Wednesday, May 26, 2010

The social construction of ignorance: Manufacturing doubts

Are critics of nuclear power engaged in "Denialism? "

When nuclear critic Stephen Gloor accused nuclear supporter Rod Adams of "Nuclear Denialism" he included a list of six characteristics of denialism:
1. Allege that there's a conspiracy. Claim that scientific consensus has arisen through collusion rather than the accumulation of evidence.
2. Use fake experts to support your story. "Denial always starts with a cadre of pseudo-experts with some credentials that create a facade of credibility," says Seth Kalichman of the University of Connecticut.
3. Cherry-pick the evidence: trumpet whatever appears to support your case and ignore or rubbish the rest. Carry on trotting out supportive evidence even after it has been discredited.
4. Create impossible standards for your opponents. Claim that the existing evidence is not good enough and demand more. If your opponent comes up with evidence you have demanded, move the goalposts.
5. Use logical fallacies. Hitler opposed smoking, so anti-smoking measures are Nazi. Deliberately misrepresent the scientific consensus and then knock down your straw man.
6. Manufacture doubt. Falsely portray scientists as so divided that basing policy on their advice would be premature. Insist "both sides" must be heard and cry censorship when "dissenting" arguments or experts are rejected.
I am not particularly fond of the term "denialism," which refers to a set of related but not entirely identical problems. The problems are real, and centers on the problem of truth, and in particular truth as it relates to science. Most of the cases of "denialism" involve denial of the consensus findings of scientists. in the case of holocaust denial, the denial is of the consensus of historians, not of scientists, but otherwise the phenomena seems closely related.
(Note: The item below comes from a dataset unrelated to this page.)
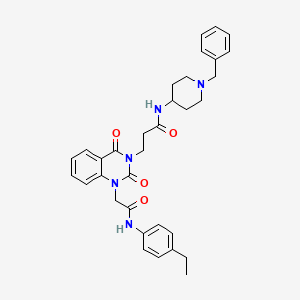 N-(1-benzylpiperidin-4-yl)-3-[1-{2-[(4-ethylphenyl)amino]-2-oxoethyl}-2,4-dioxo-1,4-dihydroquinazolin-3(2H)-yl]propanamide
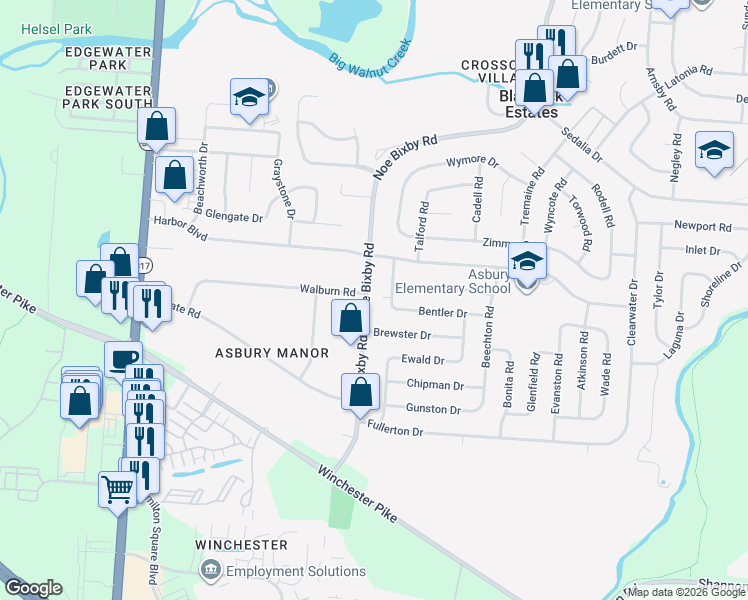 map of restaurants, bars, coffee shops, grocery stores, and more near 3664 Noe Bixby Road in Columbus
The word denial itself, draws on the context of the Freudian theory of psychological defenses, and has been popularized by both the 12-Step movement and the work of Elizabeth Kubler-Ross on grief. Denial is usually taken to be something that the psychic does to prevent the processing of information, but in his book "The Image" the philosopher Kenneth Boulding laid out an account of human processing of new information. New information that is likely to change thinking is not instantly processed. Indeed, Burke argued, if the new information conflicts with existing beliefs, it may be at first, simply ignored. Later the information may be acknowledged as an exception to one's world view, which is maintained. If the information continues to require attention, then one's world view may be altered to account for it. Finally, if the attempt to alter the world view fails, a new world view may replace it. Thus assimilating new information is a cognitive process, that may run through several stages. The term denial thus may obscure the fact that a person or group of people said to be in denial are in fact in an intermediate stage of processing new information.
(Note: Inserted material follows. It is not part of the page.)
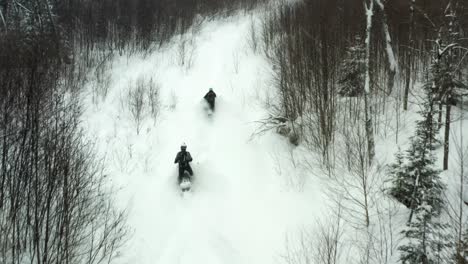 snowmobiling up a mountain side in canada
My problem with the term "denialism" is that it does not distinguish between a confused, complex and often prolonged process of cognitive change through which people change the structure of their knowledge, and deliberate attempts to obstruct the processing of scientific or other rationally constructed information. Kenneth Boulding calls this information pollution. I much prefer the term information polluters, to denialists. I will however, forego for the moment an attempt to sort through the issues involved, and will use the term "denialism," despite my reservations..
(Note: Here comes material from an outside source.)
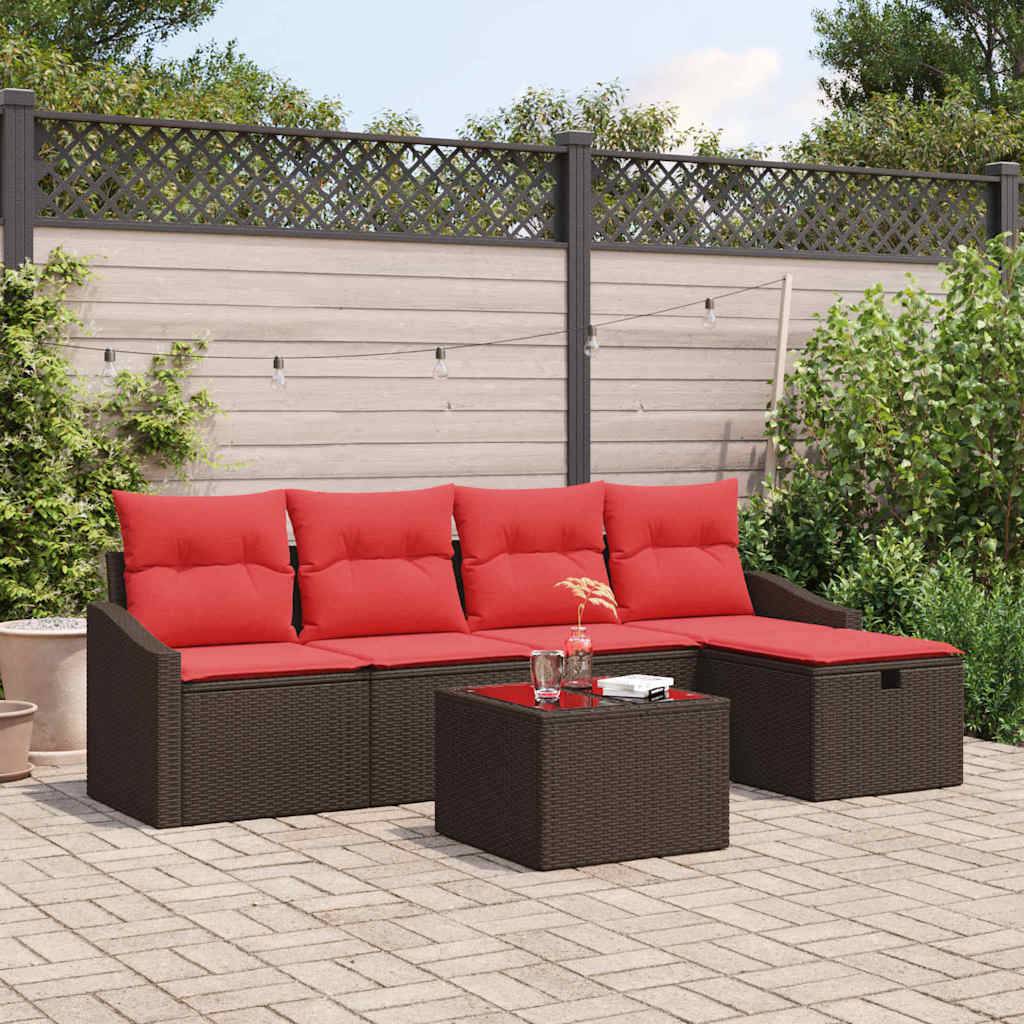 vidaXL Sofa Set mit Kissen mit Speicher Braun Poly-Rattan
"Denialism" is thew topic of increasing study, and the contributions of Dr. Mark Hoofnagle, a surgeon nd his brother Chris Jay Hoofnagle, a lawyer, are almost always noted in accounts of "Denialism "research. The Hoofnagle's are representative 21st knowledge workers, they blog.

And indeed Gloor's list of denialist characteristics is largely derived from the Hoofnagle blog. There is,, however, on discrepancy. The Hoffnagle's do not count Gloor's number 6 (manufacture of doubt) as a separate characteristic of denialists. Rather the manufacture of doubt is the goal of the denialists tactics.

My initial response to Stephen Gloor's list was to find it highly ironic, because Gloor himself, and his anti-nuclear associates can be accused of pursuing denialist tactics against nuclear power. I would like to pursue during several more posts the notion that opposition to nuclear power almost always involves information pollution that resembles what the Hoofnageles call denialism.